Change in the solubility of crystalline Fraction I proteins correlated with change in the composition of the small subunit

Abstract
Fraction I protein crystals were obtained by a simple method from four additional species in addition to seven species of Nicotiana previously reported and from Solanum melongena. Crystals were obtained neither from several other genera of the Solanaceal nor from N. debneyi, but 14C protein from the latter co-crystallized with N. tabacum Fraction I protein. Co-crystallization did not occur with 14C proteins from species of Tagetes, Allium, Beta, Brassica and Hyocyamus whose Fraction I proteins were evidently too different in their quaternary structures to occupy the same crystal lattice with N. tabacum protein. Fraction I proteins from N. gossei and N. excelsior differed in solubility as a function of the NaCl concentration.

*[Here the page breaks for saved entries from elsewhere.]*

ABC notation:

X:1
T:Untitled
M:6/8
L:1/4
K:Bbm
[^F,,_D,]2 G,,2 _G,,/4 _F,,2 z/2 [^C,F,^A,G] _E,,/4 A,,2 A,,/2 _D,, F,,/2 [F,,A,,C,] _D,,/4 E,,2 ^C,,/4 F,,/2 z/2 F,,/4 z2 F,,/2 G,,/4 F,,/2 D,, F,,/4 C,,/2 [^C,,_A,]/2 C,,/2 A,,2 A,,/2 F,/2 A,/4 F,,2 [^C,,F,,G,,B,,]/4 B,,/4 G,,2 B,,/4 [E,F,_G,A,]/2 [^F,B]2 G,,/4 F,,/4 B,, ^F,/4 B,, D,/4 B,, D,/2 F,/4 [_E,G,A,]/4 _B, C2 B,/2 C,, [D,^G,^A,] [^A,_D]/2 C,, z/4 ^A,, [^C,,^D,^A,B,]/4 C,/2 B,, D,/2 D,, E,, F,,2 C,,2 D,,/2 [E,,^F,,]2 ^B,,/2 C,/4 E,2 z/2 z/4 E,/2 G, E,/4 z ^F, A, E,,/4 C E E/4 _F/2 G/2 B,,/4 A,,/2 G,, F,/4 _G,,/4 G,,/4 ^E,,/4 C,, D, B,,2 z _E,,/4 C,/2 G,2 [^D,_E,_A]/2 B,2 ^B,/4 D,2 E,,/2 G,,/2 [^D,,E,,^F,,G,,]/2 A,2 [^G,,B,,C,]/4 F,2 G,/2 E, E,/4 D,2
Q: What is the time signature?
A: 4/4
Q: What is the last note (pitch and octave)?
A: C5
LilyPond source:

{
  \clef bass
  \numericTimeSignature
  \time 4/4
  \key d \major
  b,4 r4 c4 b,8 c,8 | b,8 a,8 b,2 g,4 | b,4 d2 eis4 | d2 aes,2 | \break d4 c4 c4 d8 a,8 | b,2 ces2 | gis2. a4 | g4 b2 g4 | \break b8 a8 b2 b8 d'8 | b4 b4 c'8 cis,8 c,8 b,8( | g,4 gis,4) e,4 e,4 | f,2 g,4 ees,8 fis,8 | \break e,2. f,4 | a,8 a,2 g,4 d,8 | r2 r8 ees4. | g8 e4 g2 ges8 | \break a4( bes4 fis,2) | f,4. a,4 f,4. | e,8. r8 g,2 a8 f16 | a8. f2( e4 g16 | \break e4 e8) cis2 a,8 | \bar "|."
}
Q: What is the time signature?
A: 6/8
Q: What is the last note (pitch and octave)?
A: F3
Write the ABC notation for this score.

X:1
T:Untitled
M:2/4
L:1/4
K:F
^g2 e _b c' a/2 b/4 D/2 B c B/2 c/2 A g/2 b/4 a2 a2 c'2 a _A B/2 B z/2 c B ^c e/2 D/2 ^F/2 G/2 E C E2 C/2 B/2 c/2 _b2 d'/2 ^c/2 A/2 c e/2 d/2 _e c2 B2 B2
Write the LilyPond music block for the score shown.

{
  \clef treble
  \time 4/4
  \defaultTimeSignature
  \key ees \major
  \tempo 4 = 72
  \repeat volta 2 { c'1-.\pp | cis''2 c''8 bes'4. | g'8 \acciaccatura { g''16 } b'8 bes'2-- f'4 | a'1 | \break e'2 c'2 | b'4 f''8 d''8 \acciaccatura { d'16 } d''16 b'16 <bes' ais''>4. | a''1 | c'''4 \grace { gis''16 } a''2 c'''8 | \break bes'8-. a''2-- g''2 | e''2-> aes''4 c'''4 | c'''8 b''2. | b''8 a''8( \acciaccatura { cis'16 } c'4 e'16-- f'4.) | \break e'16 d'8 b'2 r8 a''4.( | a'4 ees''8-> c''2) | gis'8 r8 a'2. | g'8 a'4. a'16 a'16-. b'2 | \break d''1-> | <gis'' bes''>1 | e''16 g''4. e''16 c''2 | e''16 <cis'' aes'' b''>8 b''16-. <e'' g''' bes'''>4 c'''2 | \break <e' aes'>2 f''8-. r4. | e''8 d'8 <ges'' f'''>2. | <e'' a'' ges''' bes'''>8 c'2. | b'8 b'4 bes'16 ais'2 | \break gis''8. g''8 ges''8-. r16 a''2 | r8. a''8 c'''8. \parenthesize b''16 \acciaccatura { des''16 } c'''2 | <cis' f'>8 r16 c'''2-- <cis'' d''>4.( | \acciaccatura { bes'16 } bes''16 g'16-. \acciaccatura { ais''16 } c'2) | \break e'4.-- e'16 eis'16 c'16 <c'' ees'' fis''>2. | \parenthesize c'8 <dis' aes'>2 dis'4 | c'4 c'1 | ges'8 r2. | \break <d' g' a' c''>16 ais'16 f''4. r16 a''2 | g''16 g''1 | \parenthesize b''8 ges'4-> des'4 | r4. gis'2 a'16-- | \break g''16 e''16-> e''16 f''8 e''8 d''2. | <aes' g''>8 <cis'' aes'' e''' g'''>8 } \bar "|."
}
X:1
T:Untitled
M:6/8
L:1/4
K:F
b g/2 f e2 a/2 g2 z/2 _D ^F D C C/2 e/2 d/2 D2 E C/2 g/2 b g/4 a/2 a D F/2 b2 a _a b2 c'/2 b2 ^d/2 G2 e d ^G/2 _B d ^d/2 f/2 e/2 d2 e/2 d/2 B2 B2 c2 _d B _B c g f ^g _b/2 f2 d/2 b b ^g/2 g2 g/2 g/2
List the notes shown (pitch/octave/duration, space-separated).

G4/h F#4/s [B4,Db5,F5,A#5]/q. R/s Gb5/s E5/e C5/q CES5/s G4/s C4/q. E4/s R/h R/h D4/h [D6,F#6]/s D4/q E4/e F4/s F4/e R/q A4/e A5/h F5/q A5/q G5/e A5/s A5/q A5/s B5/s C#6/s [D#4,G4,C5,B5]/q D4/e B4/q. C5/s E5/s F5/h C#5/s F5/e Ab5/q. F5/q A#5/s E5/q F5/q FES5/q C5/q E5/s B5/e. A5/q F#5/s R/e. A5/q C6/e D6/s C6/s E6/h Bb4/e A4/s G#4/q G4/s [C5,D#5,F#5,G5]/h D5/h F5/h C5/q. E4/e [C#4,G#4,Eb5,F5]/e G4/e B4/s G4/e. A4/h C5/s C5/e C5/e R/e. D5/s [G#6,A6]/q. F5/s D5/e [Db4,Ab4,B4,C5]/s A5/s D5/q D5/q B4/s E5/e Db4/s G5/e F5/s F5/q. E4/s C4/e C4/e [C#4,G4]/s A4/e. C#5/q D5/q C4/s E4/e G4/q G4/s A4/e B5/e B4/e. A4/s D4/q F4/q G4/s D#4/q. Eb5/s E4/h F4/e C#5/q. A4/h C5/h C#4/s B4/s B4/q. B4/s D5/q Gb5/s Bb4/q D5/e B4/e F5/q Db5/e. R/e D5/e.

The two proteins were alike in the isoelectric point of the three primary peptides composing the large subunit, but differed in the isoelectric point of one out of four primary peptides of the small subunit; this difference was also consistent with a difference in tryptic peptide fingerprints. Proteins from N. tabacum and N. glauca differed both in the composition of their large and small subunits but did not differ in solubility. However, by changing the composition of the small subunit without changing the large subunit, the solubility of each protein was changed. The change in small subunit composition could be achieved by isolating proteins from the reciprocal F1 hybrids of N. tabacum × N. glauca where the maternal inheritance regulates the composition of the large subunit, whereas both maternal and paternal genes regulate the composition of the small subunit.